# Tell me your HG Foundation



## Tracey82 (Nov 18, 2009)

So I am on the search for a holy grail foundation and am wondering what everyone uses.  I get a very oily nose by the end of the day if i don't put powder on at least once.  I have tried Revlon Colourstay, Inglot Liquid, Napoleon Perdis stick foundation.  I also use Ingot primer.  Thanks


----------



## xxManBeaterxx (Nov 18, 2009)

Right now im using smashbox primer, bobby brown creamy concealer for my dark circles, nars sheer glow foundation, and mac's MSFN to powder.


----------



## simplyenchantin (Nov 18, 2009)

I love MAC f+b but I'm very dry! Maybe try SFF?


----------



## Superkaz (Nov 18, 2009)

Hey Tracy

I also get an oily nose by the end of the day if I dont primer.
I use Smashbox Light (for oily skin) and Make up for ever Mat Velvet and is working well for me.

I have been using Ben Nye translucent powder and is helping my make up survive through this November heatwave!


----------



## MAC-Addict03 (Nov 18, 2009)

I've been using Smashbox photo finish oil free primer and it works great under my make up forever mat velvet foundation. My nose and cheek area get a little oily during the day too but I just use Mac blot powder and it instantly removes the oil from my face, works great! I only have to powder once. I was using Mac studio fix fluid but it tends to break me out and its got yellow undertones in it, I prefer the MUFE because of the pink undertones in my skin. But the MUFE is DEF my HG foundation, works great on oily skin and its water proof, its a little pricey but its worth it so if you get the chance you should try it out.

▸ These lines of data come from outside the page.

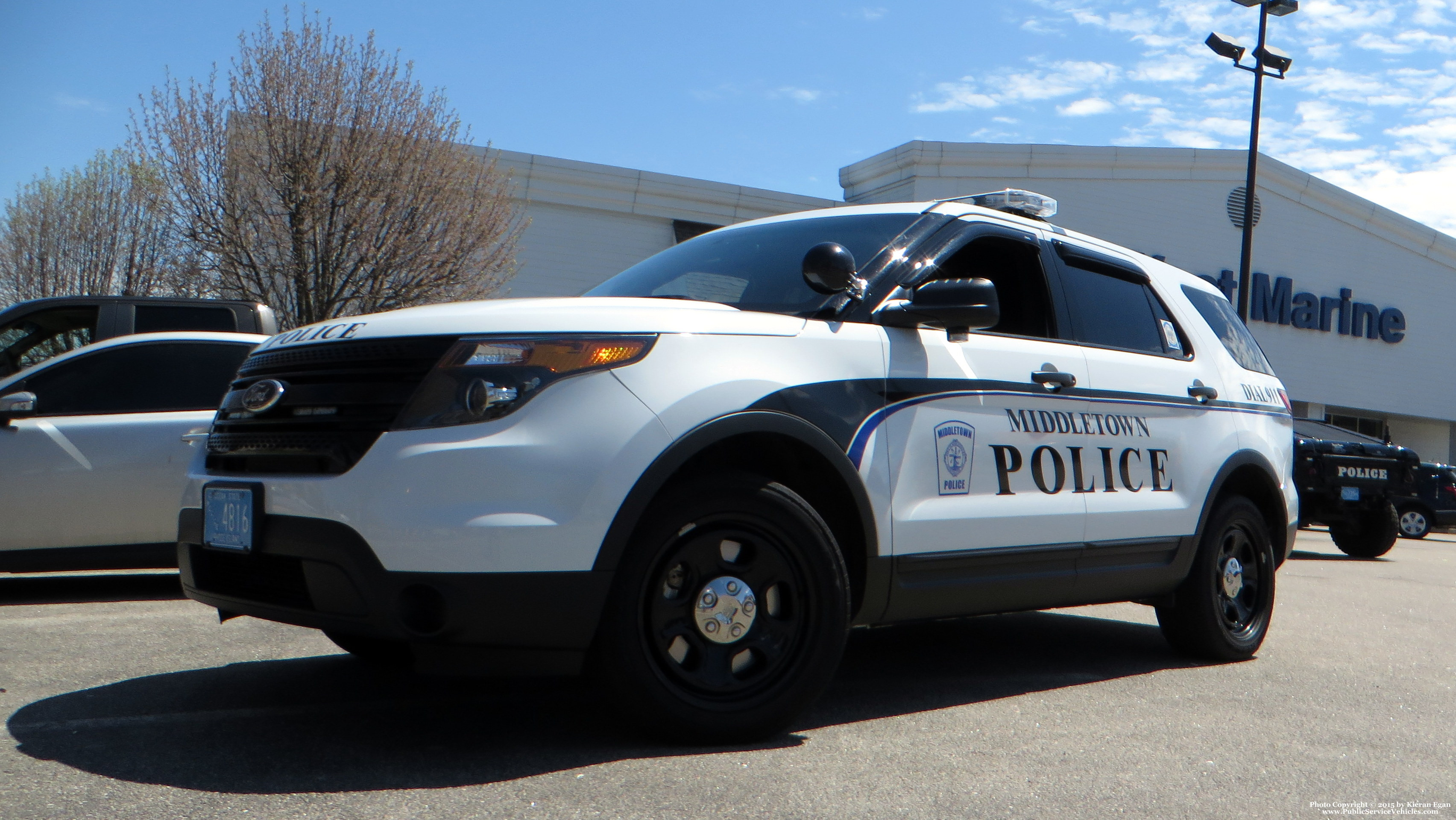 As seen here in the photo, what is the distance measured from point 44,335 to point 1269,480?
766 centimetres

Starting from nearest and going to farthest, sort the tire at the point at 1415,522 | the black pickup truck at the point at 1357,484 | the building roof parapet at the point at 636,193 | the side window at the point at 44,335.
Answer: the side window at the point at 44,335 < the black pickup truck at the point at 1357,484 < the tire at the point at 1415,522 < the building roof parapet at the point at 636,193

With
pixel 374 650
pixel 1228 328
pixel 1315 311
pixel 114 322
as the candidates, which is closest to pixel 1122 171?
pixel 1315 311

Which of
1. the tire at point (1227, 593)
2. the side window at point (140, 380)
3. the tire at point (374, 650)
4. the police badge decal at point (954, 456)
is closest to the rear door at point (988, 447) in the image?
the police badge decal at point (954, 456)

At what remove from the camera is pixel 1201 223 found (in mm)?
30047

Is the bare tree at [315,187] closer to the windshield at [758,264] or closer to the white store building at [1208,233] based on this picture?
the white store building at [1208,233]

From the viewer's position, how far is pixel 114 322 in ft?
26.5

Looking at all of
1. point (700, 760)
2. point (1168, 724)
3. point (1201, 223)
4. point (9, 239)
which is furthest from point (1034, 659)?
point (9, 239)

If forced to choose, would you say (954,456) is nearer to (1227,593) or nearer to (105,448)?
(1227,593)

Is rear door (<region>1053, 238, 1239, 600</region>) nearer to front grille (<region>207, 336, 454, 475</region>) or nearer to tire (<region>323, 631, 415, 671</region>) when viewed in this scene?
tire (<region>323, 631, 415, 671</region>)

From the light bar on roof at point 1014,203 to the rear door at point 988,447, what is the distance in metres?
0.24

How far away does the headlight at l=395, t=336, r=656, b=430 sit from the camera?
3098 mm

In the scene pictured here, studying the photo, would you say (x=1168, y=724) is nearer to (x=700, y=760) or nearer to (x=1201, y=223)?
(x=700, y=760)

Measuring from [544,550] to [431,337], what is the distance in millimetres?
645

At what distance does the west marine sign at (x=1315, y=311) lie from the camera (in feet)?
101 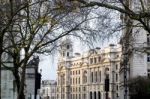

HTH!


----------



## xLongLashesx (Nov 18, 2009)

I'm pretty oily in the t zone and normal everywhere else but I like SFF. I find nothing keeps my nose matte though and blot 3 or 4 times a day but it's not a big deal!


----------



## sugarcakezie (Feb 3, 2010)

i am nc30....i really do like studio fix , but it feels really heavy on my skin...but nars sheer matte in stromboli is my hg...i have super oily and acne prone skin. its a good everyday foundation, but its so expensive i dont want to use it everyday!!!


----------



## munchkinite (Feb 3, 2010)

I second MUFE HD foundation - so many shades that I finally found a perfect match...


----------



## aussiemacluvrrr (Feb 3, 2010)

Until a few weeks ago I hadnt really found my HG foundation but now I can comfortably say it is MUFE Mat Velvet +

Only foundation I have ever used that controls my oiliness. Still get greasy, but not nearly as much as other foundations.


----------



## Paramnesia (Feb 4, 2010)

I'm still looking for my HG but I'm liking MUFE foundations, I'm really pale and find 115 in mat velvet+ to match pretty well, I just have odd skin though, its quite dry and flaky but also oily so not sure it would be right for me, I only had a small small sample.


----------



## indybrat (Feb 5, 2010)

I've been wanting to try MUFE HD but I hate that you can only order it online and I'm not entirely sure which shade I am.  What's the difference between that and their Mat+?


----------



## aussiemacluvrrr (Feb 5, 2010)

Mat Valvet + is a matte finish foundation that claims to also keep you matte looking during the day, so it is ideal for people with really oily skin like me. However it can be very drying, so I have noticed on areas of my face that arent oily, it has dried them out sometimes. It is a complete coverage foundation, so you have to apply it carefully so you dont look like a cake face. I just use my 187 and it gives a flawless finish. Covers bumps and imperfections well on me 
	

	
	
		
		

		
		
	


	




MUFE HD is a medium to full coverage flawless finish foundation (the no-makeup makeup look - oh and i personally think it is only medium coverage, if that - it doesnt cover all my imperfections that well). It is meant to be oil free, but it is also meant to give you that dewy natural glowing look, so I end up like a big oil spill after a few hours with this on. However if you dont have oil issues, or your are meticulous at blotting and touching up, then it really does photograph well.... 
	

	
	
		
		

		
		
	


	




HTH


----------



## indybrat (Feb 6, 2010)

Thank you aussiemacluvrrr that helps a lot.  I think I'd be better with the HD.  I might see if I can get a sample before I shell out the $75 plus postage for it though.  I wish there was somewhere it Melbourne that stocked it.


----------



## Paramnesia (Feb 6, 2010)

Yeah I agree, I wish Melb had a stockist. I had a few samples but the HD and F&B shades were WAY too dark. The only sample that was right was the Mat+ and the sample was tiny, enough for one application which for me isn't enough to see how my skin reacts to it.


----------



## Lyssah (Feb 7, 2010)

I have very sensitive skin so I have to be careful what I put on my face. 
I would say i have fair olive skin with medium redness in my cheeks. My skin is generally normal but tends to be on the more oily side of normal and I can be acne prone depending on the product. 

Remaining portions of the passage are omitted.